━━ SUPPLIED DATA

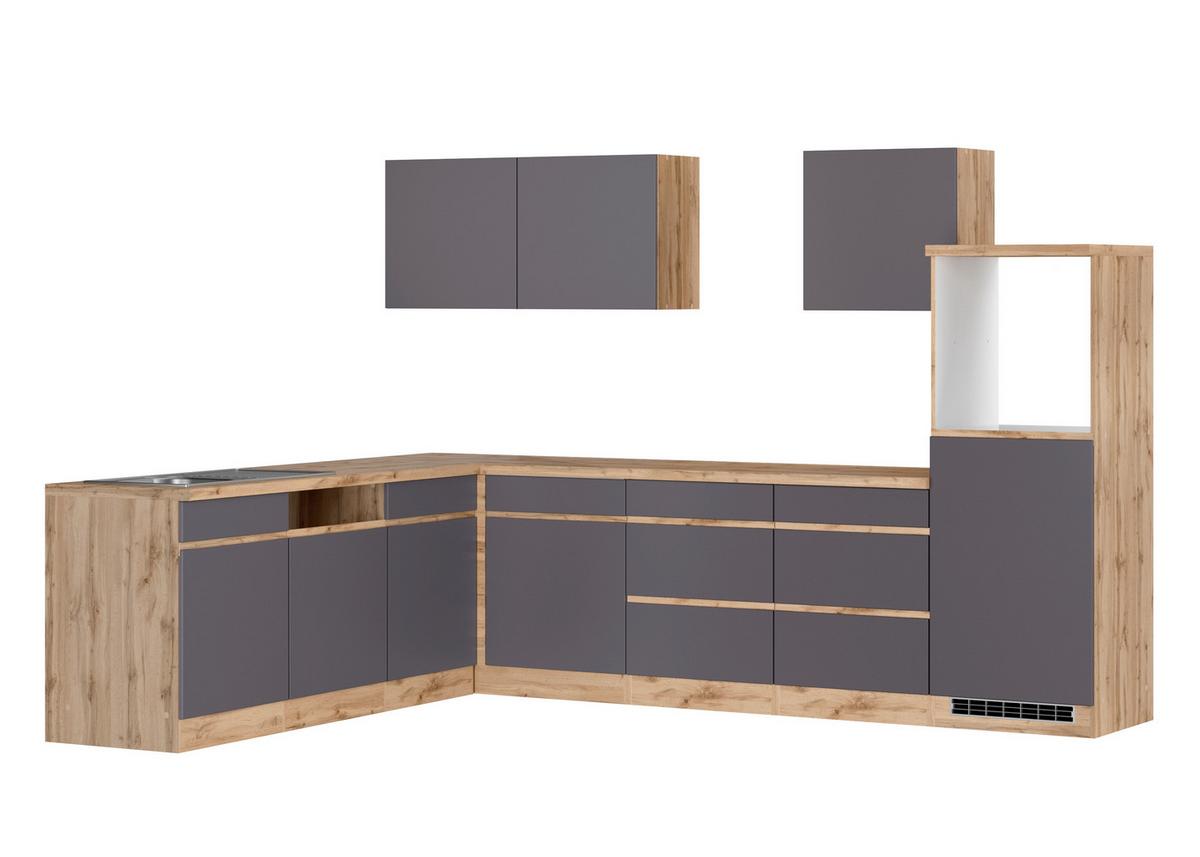 Eckküche Turin Ohne Geräte B: 300cm Grau/wotaneiche Dekor - Eiche Wotan/Grau, Design, Holzwerkstoff (300cm) - Held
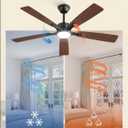 Fanbulous 52 Inch Ceiling Fans with Lights and Remote, Stepless Color Temperature Change & Dimmable 20W LED Ceiling Fan, 6 Speeds Reversible Quiet DC Motor for Bedroom, Living Room, Apartment, Black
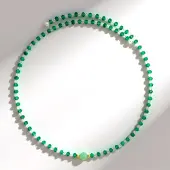 Cavill - Stalen Halsketting met 1 813 ct Braziliaanse Smaragd en 12 637 ct Regenboog Maansteen - Elegant Groen Edelstenen Sieraad - 31 42 cm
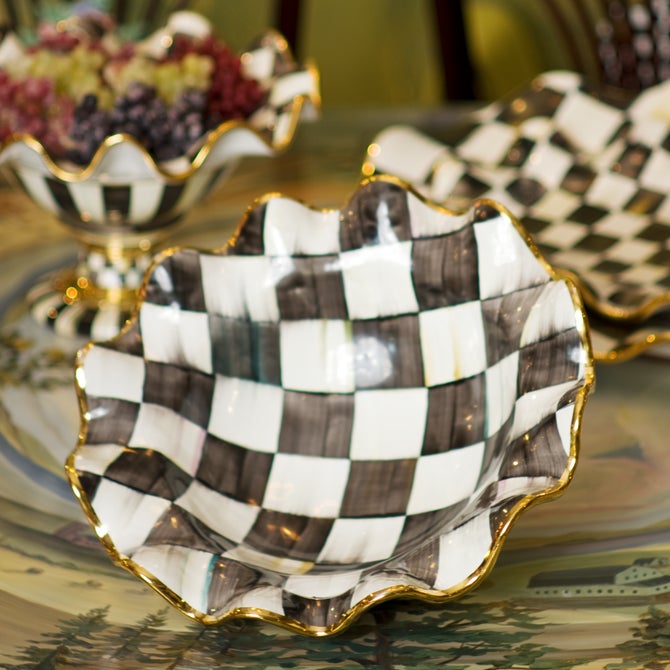 Courtly Check Medium Ceramic Fluted Serving Bowl - {current_domain}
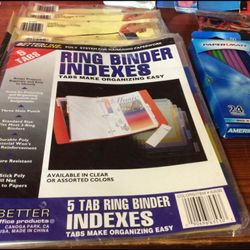 School Supplies, NEVER USED, some items are older but never used, 3 ring zipped binder, 7 packs 5 tab dividers, combination lock, 3 packs #2 pencils,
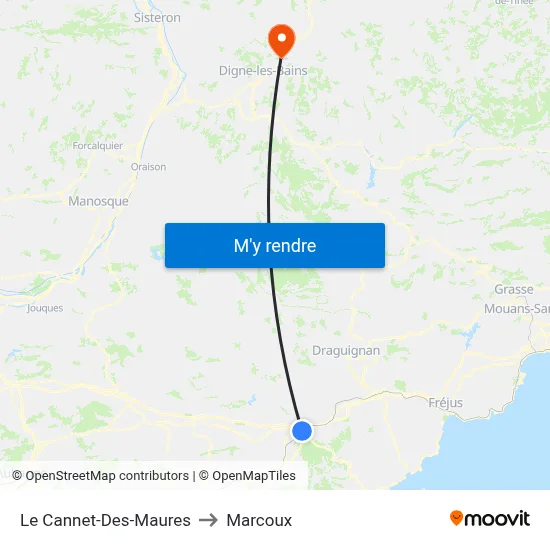 Le Cannet-Des-Maures to Marcoux map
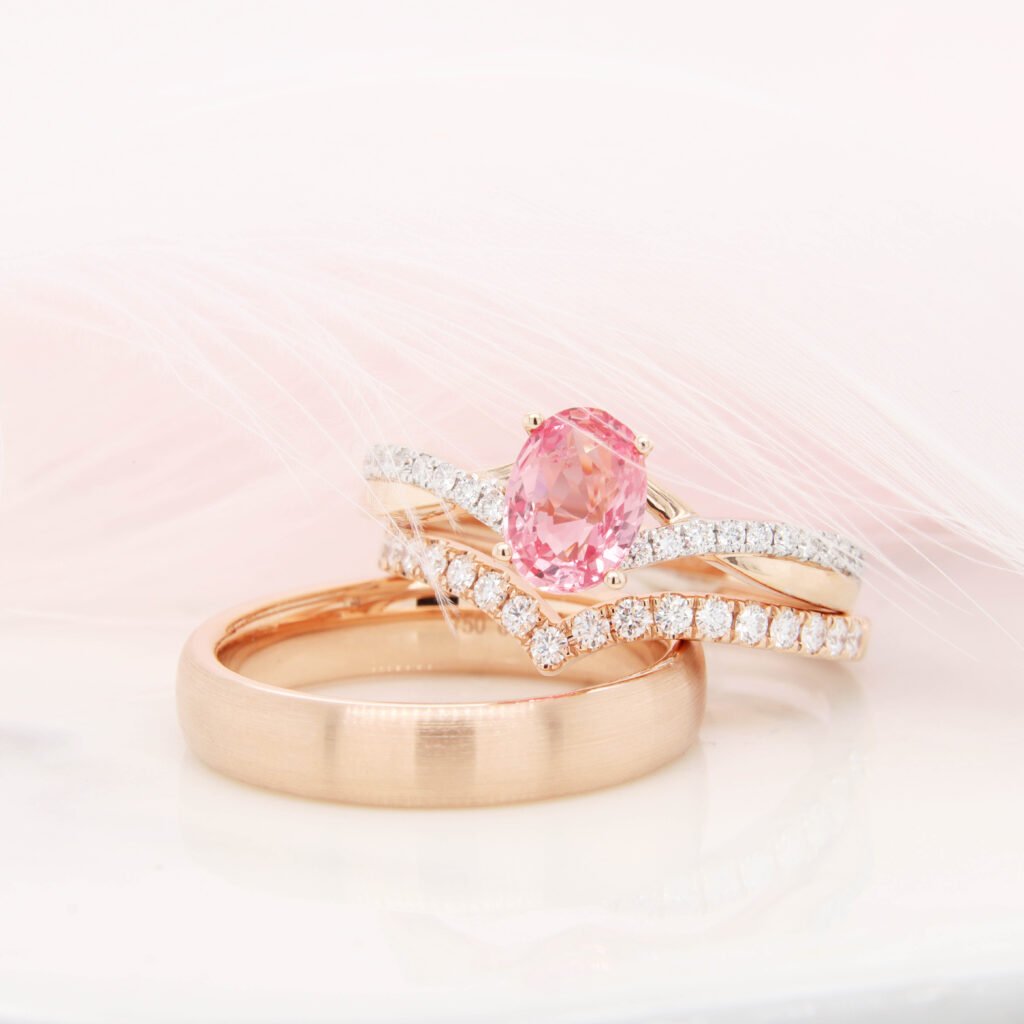 Customised Engagement Ring with Stackable Wedding Bands - Sapphire padparadscha ring with diamond.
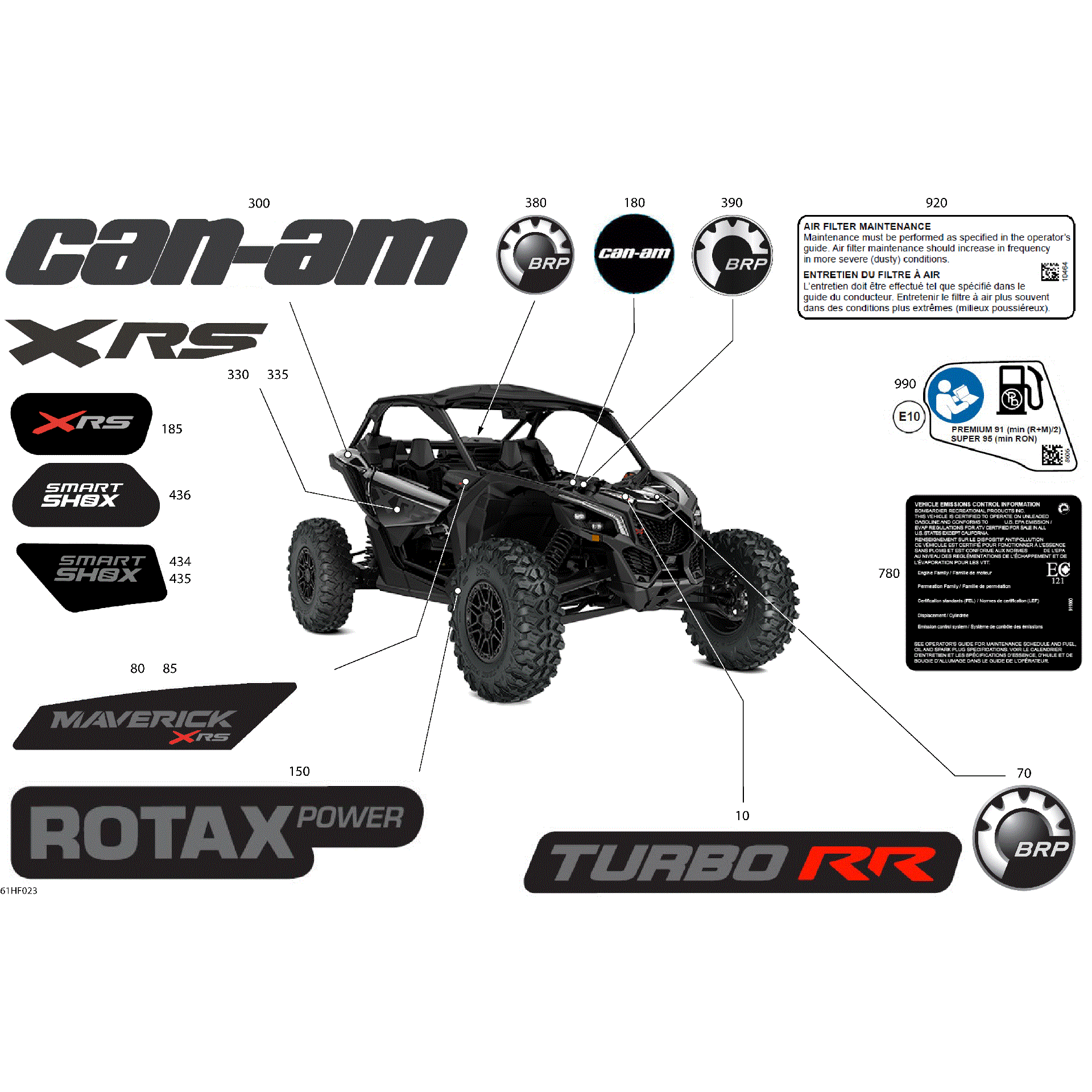 An Image of a Genuine Can-Am Parts Schematic Diagram showing the schematic - BODY - DECALS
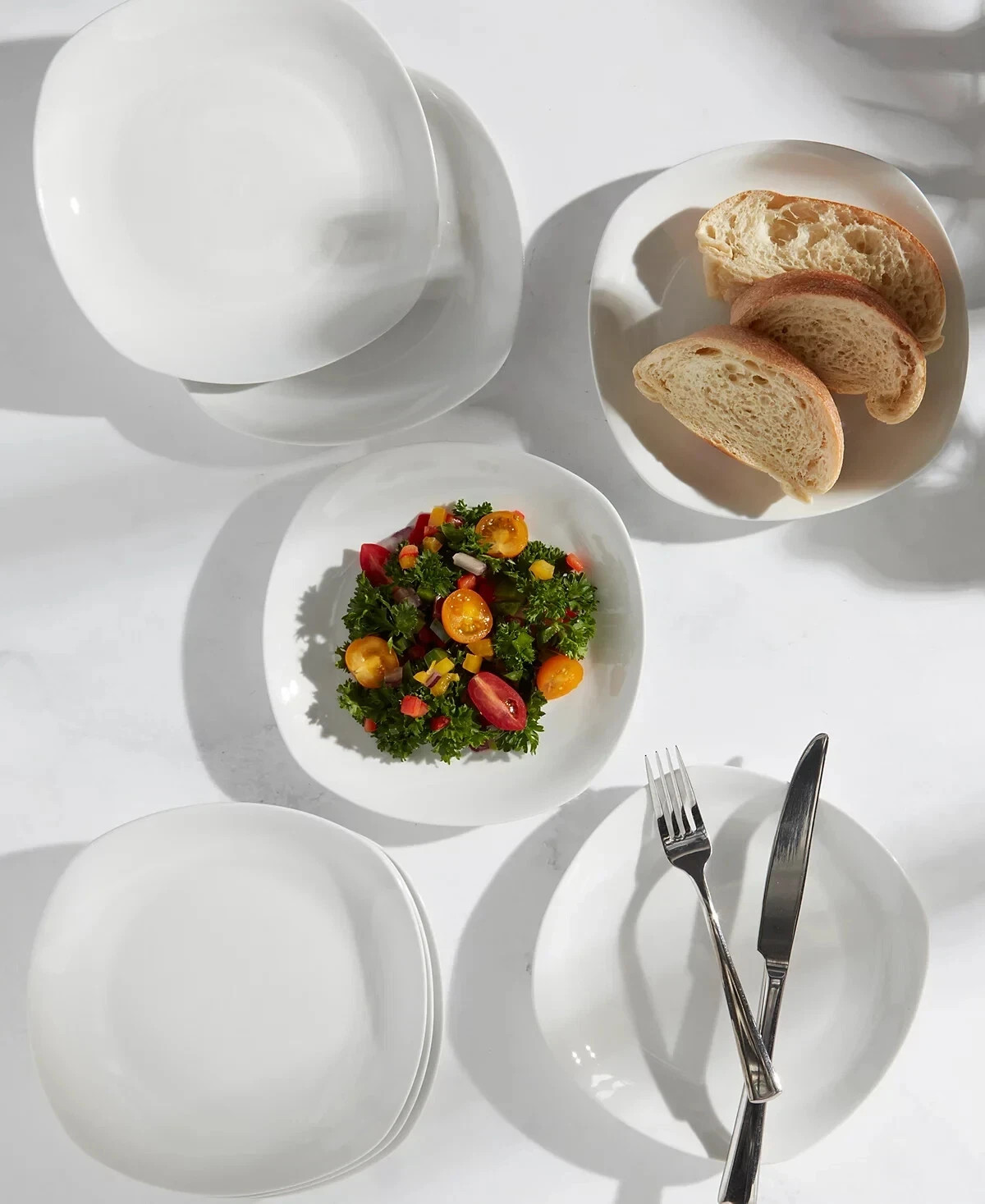 Studio Tu Ceramic 4-Piece Square Ceramic Salad Plates, White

━━━━

EXERCISE: Leaving the pictures out, write out all the material above exactly.

ANSWER:
 Eckküche Turin Ohne Geräte B: 300cm Grau/wotaneiche Dekor - Eiche Wotan/Grau, Design, Holzwerkstoff (300cm) - Held
 Fanbulous 52 Inch Ceiling Fans with Lights and Remote, Stepless Color Temperature Change & Dimmable 20W LED Ceiling Fan, 6 Speeds Reversible Quiet DC Motor for Bedroom, Living Room, Apartment, Black
 Cavill - Stalen Halsketting met 1 813 ct Braziliaanse Smaragd en 12 637 ct Regenboog Maansteen - Elegant Groen Edelstenen Sieraad - 31 42 cm
 Courtly Check Medium Ceramic Fluted Serving Bowl - {current_domain}
 School Supplies, NEVER USED, some items are older but never used, 3 ring zipped binder, 7 packs 5 tab dividers, combination lock, 3 packs #2 pencils,
 Le Cannet-Des-Maures to Marcoux map
 Customised Engagement Ring with Stackable Wedding Bands - Sapphire padparadscha ring with diamond.
 An Image of a Genuine Can-Am Parts Schematic Diagram showing the schematic - BODY - DECALS
 Studio Tu Ceramic 4-Piece Square Ceramic Salad Plates, White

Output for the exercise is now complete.